I totally agree with you here Sue. Though my opinion a few years ago was different. I hated The Runaway Bride, I disliked the character, I didnt like the writing and I didnt like Tate as a actress but I was blinded by Tates previous comedy tv shows.
Last week i stumbled across The Runaway Bride by accident and I sat down and watched it. I actually really enjoyed it, then i wastched a few episodes of her series and my views totally changed from my initial opinion. I love the fact she is a older companion, a proper woman if you like and as you say has no fixation on the Doctor.
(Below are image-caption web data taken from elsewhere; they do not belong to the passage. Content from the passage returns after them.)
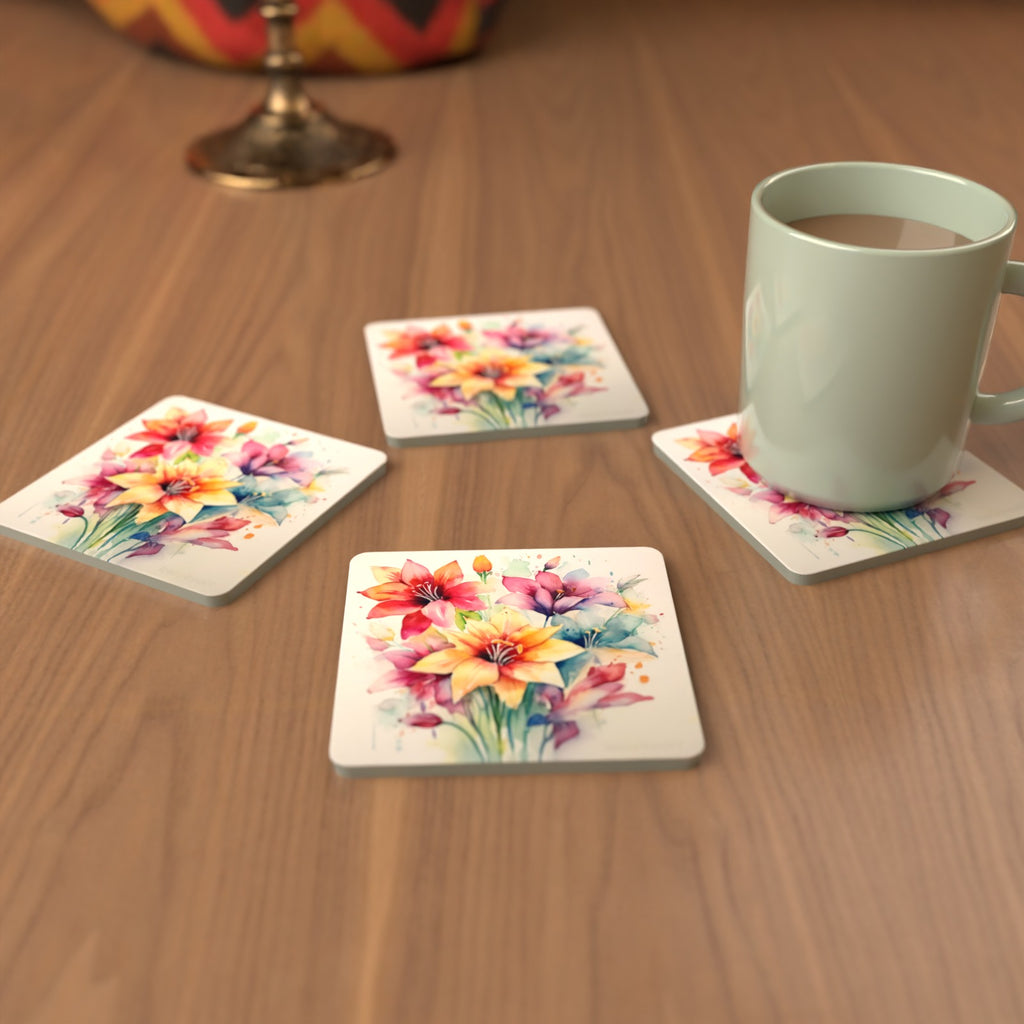 Watercolour Lily Bouquet Square Glass Coasters – Set of 6 – cosy lifestyle mockup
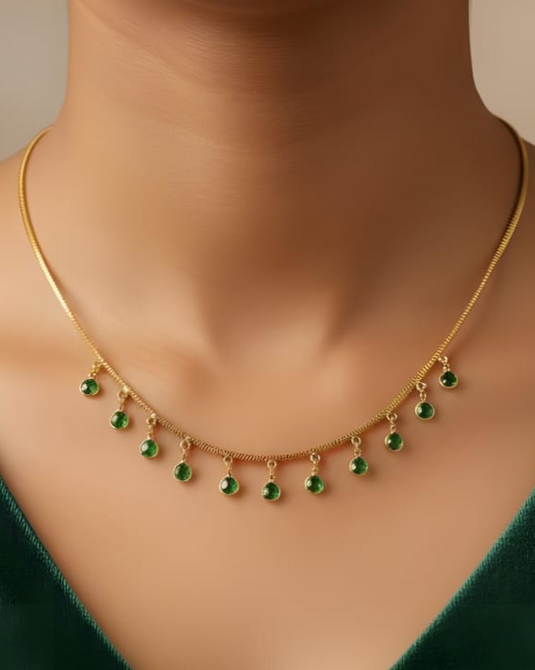 Gold-Plated Green Drop Stone Necklace-SG330020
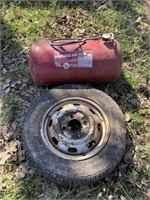 PORTABLE AIR TANK WITH TIRE AND WHEEL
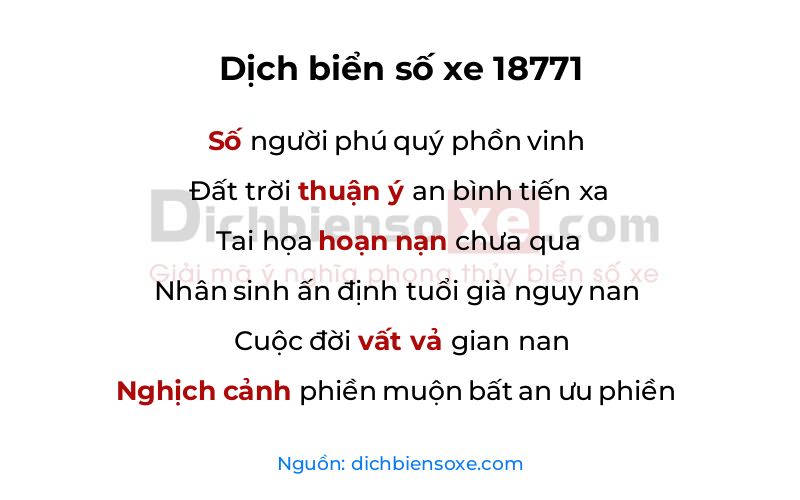 Dịch thơ biển số 18771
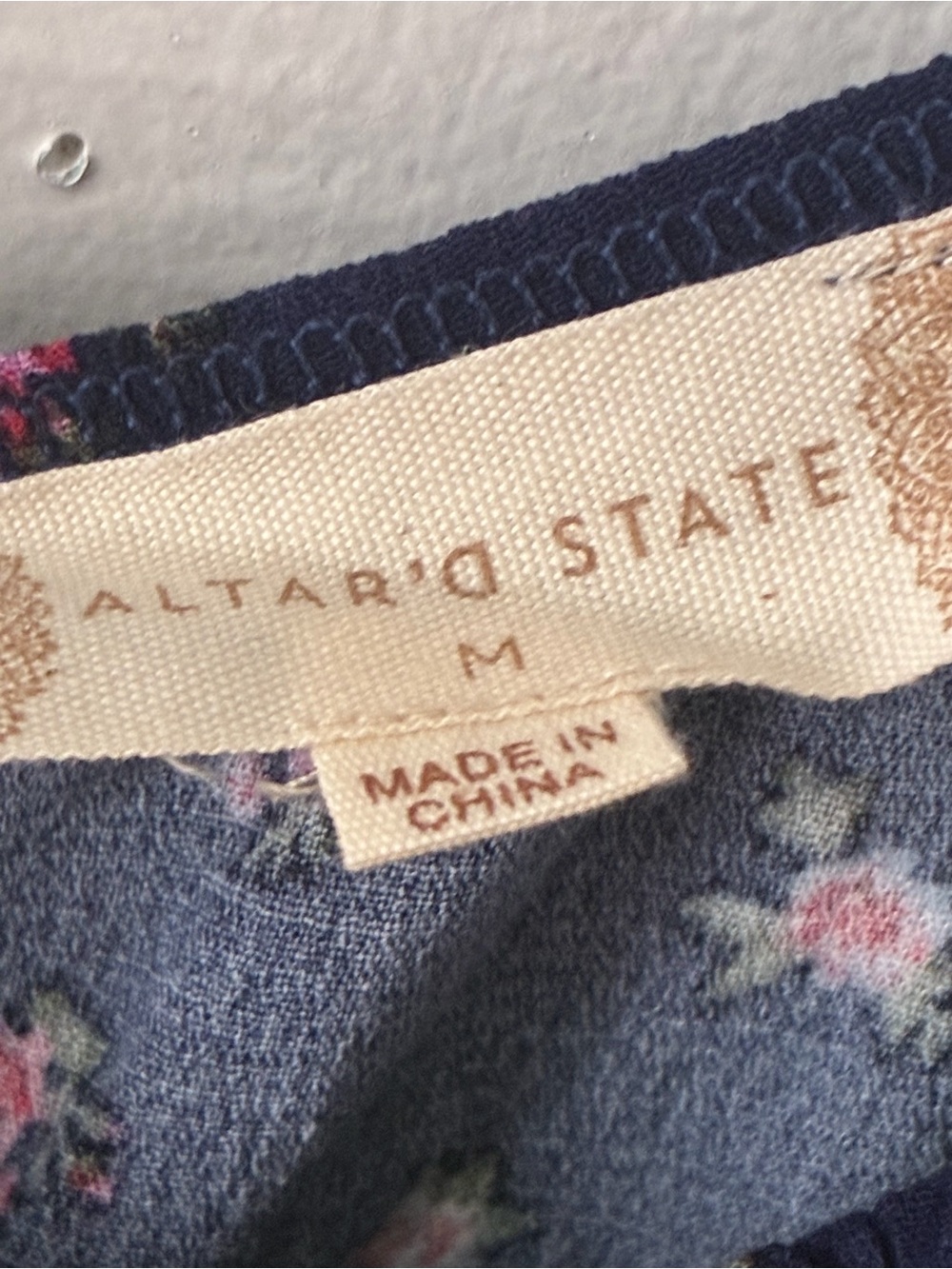 Altar'd State Navy Maxi Dress with Pink Floral Accents - Picture 7 of 11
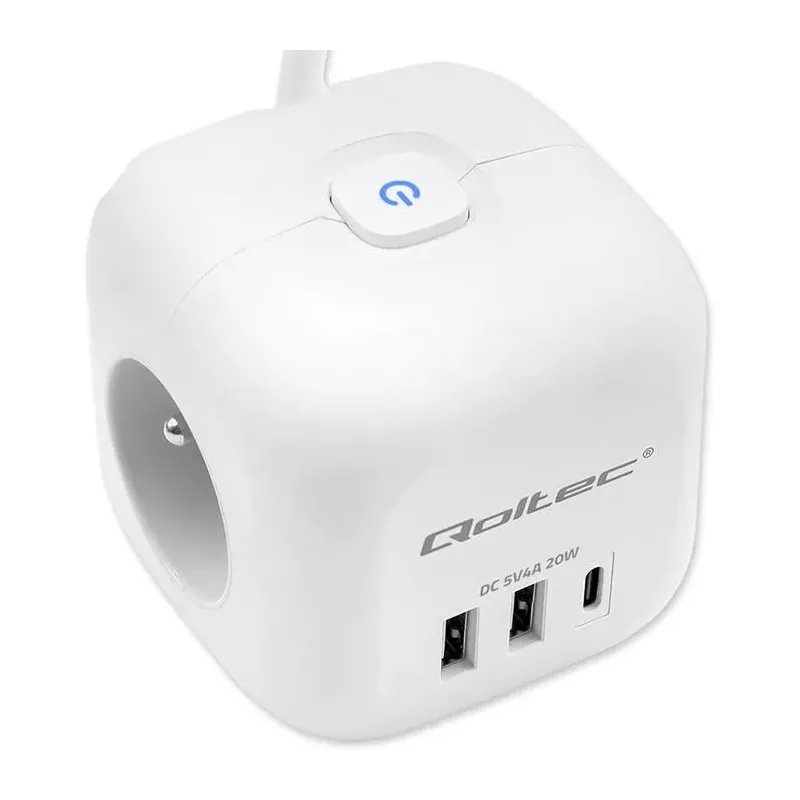 Kostka zasilająca Qoltec przedłużacz 6w1 z podświetlanym... | PartsPC.pl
The announcement today of the new companion has filled me with a little sadness. I had hope for a male companion and if not, a companion of similar age to Donna, a older woman with a older view of the world. Alas no, the BBC have opted for a stereotypical young, model style actress. Such a shame.

Xtina said...

Thank you for this! Your thoughts echo my thoughts. In fact, me and my boyfriend have had this very conversation. While we love all the companions for different reasons I think Donna is my favorite. Donna's story by far is the most heart breaking. No matter how many times I watch her final episodes as the companion I still get choked up. But, she truly is the Doctor's moral compass and she comes to him at a time when he really, really needs a voice of reason and not an admirer. I haven't listened to that particular podcast yet, but I think Donna would find it in her heart to forgive you.